Ask me good questions, and I will throw you vegan candy – Barb Troyer

“If you have a community radio station, take advantage of it….that’s why I started the show…some unique content you won’t find at other stations” – Barb (who all the following quotes will be from).

Here’s the directory for public broadcasting organizations to find what’s available in your area. You can receive support from experts and local DJs who want to be involved, get involved with your community, hear yourself on the radio and be involved in a learning experience.

Pros:

  • Get information directly your local community and beyond (through syndication).
  • Support from an eclectic bunch of local DJs

When you’re on your own, with zero to no budget, pick up or find a cheap headset/mic combo, such as one you might use for gaming, or put together two separate pieces. Make a DIY pop screen with a nylon stocking to help your audio. Skype is free, and most people use it for radio interviews. Get to know audio editing software, like Audacity and Garage Band.

Sources & tools for little to modest budgets of DIY audio recording:

If you’re looking to save money, check out older versions of software.

Barb recently upgraded to a Blue Yeti microphone and is raving about it, but there are cheaper alternatives she’s spent time with – it’s all about reliability, and trial and error.

Similar to graphics, make sure you always save an uncompressed version of your audio file. You’ll lose quality, if not. With a PC, save it as a wave file and then save it as an MP3.

You want to hear if there’s feedback in the room. Are there other sounds? You do not want any other sound being picked up in the room.

“It’s like garbage in, garbage out”.

Check out student discounts on software, if applicable.

“Getting organized if half the battle….you have no idea how much time I spend on this show”.

You will spend time…..gathering content, being up to date with the news, and any scripts you can prepare in advance on top of ad-libbing.
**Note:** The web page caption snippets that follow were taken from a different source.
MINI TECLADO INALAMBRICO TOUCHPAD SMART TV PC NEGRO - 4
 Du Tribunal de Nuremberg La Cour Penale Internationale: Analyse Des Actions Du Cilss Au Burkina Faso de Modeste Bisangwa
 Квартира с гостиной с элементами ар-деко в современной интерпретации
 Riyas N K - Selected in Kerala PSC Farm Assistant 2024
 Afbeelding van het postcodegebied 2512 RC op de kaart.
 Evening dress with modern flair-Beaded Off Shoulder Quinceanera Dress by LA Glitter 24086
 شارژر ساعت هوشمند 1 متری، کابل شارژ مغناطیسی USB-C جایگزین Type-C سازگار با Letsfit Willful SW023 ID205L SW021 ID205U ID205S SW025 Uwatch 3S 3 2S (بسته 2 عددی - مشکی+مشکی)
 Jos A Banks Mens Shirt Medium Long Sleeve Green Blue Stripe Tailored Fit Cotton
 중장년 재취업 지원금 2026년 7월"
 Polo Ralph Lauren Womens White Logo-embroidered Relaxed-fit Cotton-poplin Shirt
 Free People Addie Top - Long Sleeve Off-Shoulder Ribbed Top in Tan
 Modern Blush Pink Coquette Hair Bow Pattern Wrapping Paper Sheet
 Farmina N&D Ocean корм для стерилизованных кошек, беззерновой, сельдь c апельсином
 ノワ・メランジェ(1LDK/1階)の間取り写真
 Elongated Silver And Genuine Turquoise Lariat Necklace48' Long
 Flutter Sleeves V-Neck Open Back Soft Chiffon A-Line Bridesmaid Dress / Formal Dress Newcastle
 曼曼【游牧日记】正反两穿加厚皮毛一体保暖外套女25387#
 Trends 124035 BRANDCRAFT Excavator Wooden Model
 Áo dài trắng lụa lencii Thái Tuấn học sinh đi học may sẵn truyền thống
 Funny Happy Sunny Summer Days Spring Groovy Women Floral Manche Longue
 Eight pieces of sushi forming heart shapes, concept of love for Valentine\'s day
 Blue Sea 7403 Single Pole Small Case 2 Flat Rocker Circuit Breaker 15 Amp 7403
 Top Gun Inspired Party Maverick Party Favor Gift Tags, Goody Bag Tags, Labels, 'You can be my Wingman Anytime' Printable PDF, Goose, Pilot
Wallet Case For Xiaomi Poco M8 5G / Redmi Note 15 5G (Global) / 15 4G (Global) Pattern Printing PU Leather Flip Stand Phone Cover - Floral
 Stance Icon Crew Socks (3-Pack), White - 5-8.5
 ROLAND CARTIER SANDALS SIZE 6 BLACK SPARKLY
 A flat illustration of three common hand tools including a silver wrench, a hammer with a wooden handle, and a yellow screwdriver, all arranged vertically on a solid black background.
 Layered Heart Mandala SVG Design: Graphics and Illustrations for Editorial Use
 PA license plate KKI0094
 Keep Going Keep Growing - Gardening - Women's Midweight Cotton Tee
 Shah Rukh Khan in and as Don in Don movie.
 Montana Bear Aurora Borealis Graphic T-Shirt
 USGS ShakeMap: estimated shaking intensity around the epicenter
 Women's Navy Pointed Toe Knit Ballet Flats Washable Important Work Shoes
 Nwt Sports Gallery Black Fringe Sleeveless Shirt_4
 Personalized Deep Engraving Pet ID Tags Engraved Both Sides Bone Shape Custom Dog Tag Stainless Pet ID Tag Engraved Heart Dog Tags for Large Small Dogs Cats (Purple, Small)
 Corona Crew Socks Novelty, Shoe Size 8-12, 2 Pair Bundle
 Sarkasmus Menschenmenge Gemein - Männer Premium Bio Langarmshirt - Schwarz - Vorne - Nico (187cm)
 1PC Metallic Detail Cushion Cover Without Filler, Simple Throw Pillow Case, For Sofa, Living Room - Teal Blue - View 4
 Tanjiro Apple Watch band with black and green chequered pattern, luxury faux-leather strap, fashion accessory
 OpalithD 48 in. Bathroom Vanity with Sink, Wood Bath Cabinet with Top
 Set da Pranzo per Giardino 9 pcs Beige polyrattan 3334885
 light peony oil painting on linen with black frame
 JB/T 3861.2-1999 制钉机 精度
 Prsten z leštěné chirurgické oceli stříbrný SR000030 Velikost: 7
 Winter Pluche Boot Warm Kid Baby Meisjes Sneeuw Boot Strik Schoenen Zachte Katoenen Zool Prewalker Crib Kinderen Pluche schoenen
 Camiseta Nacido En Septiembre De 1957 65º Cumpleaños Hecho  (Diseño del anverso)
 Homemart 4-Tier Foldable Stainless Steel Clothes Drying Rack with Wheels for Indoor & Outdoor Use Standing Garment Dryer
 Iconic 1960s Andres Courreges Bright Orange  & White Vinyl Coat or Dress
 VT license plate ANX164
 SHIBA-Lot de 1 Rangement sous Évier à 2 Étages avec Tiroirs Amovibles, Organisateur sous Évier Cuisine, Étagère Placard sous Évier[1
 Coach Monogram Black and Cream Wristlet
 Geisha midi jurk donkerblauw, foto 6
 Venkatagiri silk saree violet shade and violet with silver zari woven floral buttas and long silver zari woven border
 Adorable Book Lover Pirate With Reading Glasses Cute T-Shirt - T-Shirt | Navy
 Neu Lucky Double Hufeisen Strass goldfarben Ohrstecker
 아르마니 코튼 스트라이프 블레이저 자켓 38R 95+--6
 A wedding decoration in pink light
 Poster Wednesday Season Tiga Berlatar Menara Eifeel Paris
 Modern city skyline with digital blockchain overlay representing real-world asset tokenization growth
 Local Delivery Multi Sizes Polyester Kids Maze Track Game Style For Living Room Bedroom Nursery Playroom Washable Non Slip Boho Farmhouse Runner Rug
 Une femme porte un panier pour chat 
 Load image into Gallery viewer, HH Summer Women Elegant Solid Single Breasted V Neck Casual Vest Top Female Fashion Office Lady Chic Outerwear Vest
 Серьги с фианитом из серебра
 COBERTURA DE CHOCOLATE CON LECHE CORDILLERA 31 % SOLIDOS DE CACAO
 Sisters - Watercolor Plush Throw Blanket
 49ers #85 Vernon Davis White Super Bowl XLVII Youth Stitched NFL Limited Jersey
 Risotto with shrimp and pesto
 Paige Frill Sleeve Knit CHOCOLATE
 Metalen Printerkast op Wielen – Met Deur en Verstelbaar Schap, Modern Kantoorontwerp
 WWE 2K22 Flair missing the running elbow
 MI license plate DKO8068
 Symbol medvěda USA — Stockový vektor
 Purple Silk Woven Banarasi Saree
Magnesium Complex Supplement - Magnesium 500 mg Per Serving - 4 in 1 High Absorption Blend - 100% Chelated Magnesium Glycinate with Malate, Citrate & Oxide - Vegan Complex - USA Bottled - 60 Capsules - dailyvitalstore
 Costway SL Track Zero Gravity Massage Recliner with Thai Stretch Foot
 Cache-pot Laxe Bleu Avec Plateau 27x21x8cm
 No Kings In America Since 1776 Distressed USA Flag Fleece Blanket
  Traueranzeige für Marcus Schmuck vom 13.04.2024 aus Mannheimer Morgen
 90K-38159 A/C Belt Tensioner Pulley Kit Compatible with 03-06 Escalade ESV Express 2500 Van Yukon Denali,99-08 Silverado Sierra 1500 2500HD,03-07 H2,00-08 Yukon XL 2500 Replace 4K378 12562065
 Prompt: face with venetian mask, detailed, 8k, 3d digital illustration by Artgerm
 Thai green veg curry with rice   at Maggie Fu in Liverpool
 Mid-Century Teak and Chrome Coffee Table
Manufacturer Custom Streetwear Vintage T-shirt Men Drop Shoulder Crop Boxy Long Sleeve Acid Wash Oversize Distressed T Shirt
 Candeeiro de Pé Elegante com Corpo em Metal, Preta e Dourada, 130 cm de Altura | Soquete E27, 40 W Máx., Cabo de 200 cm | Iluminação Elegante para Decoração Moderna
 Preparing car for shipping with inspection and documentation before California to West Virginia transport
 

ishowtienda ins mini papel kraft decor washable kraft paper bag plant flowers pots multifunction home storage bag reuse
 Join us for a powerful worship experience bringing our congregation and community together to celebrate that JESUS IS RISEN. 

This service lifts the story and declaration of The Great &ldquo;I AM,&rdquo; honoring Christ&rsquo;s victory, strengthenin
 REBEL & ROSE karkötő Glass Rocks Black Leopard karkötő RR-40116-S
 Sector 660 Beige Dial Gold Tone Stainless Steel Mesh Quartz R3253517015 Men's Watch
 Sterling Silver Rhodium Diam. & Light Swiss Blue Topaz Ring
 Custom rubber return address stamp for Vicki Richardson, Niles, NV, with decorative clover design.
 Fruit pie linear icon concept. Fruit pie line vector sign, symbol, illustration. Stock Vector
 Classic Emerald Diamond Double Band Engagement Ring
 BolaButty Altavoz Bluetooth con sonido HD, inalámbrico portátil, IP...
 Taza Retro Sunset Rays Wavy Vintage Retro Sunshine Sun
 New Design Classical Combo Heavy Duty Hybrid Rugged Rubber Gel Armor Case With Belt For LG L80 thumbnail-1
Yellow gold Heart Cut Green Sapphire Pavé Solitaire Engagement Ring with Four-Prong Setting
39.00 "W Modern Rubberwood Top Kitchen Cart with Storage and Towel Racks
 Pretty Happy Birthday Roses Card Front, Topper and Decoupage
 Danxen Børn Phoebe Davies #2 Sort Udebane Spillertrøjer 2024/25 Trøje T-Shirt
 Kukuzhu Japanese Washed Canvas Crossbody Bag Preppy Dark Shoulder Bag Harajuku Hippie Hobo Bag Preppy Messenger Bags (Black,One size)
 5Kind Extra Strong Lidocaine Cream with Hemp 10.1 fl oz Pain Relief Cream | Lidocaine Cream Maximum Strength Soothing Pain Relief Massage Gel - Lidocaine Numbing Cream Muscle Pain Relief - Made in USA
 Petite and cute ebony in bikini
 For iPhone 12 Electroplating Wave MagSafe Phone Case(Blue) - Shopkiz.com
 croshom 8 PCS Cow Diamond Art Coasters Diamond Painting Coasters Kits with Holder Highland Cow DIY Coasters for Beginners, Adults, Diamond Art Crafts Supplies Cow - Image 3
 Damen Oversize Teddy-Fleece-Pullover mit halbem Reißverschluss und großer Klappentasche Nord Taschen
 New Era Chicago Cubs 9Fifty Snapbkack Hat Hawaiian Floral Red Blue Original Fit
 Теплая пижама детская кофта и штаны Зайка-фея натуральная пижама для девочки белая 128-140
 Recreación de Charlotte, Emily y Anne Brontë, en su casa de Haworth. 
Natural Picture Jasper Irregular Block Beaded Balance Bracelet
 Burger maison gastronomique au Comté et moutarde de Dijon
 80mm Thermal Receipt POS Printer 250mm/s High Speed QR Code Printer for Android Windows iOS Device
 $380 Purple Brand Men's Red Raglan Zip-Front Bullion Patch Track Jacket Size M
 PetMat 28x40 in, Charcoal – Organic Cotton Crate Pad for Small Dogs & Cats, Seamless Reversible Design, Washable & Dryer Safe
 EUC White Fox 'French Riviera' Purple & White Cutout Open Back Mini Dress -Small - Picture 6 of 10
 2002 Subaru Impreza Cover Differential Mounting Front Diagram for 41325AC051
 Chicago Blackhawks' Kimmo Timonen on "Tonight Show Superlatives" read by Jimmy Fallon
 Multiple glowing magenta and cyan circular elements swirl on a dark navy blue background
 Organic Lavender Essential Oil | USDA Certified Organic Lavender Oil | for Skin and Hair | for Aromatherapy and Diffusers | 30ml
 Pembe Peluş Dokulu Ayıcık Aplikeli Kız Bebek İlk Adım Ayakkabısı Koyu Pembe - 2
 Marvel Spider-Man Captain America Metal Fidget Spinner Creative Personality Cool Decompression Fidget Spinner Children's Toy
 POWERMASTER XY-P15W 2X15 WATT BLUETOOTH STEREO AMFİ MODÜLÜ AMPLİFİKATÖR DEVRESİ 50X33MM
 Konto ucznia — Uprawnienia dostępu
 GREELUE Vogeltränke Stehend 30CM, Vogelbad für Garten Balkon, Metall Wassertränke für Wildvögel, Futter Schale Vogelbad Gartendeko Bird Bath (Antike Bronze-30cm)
Fun fact: As for her own notes, Barb now finds Evernote easier to utilize than Google docs.

More folks and the labor of love: “We have a common goal of educating the public….you want to get the information out there….talk to those people [other vegan podcasters]”.

Favorite vegan podcasts:

Get Prepared: What type of format do you want to have? What do you want to listen to?

An hour is a fairly standard length of time for a podcast. You will find out what your station requirements are if you’re on a station, if not, you can really do whatever you like. Consider breaking up the podcast into segments, if it’s super long.

Edit out the lip smacks!

“Remind yourself, this is supposed to be fun.”

“You’ll be amazed that you are not as articulate as you thought you were.”

You don’t need to write your RSS Feed from scratch. Itunes will tell you exactly what you need to submit your feed there. If you use WordPress, it creates one automatically.

Find out who’s downloading with Feedburner. Get to know your audience and community.

So inspiring! Get talking.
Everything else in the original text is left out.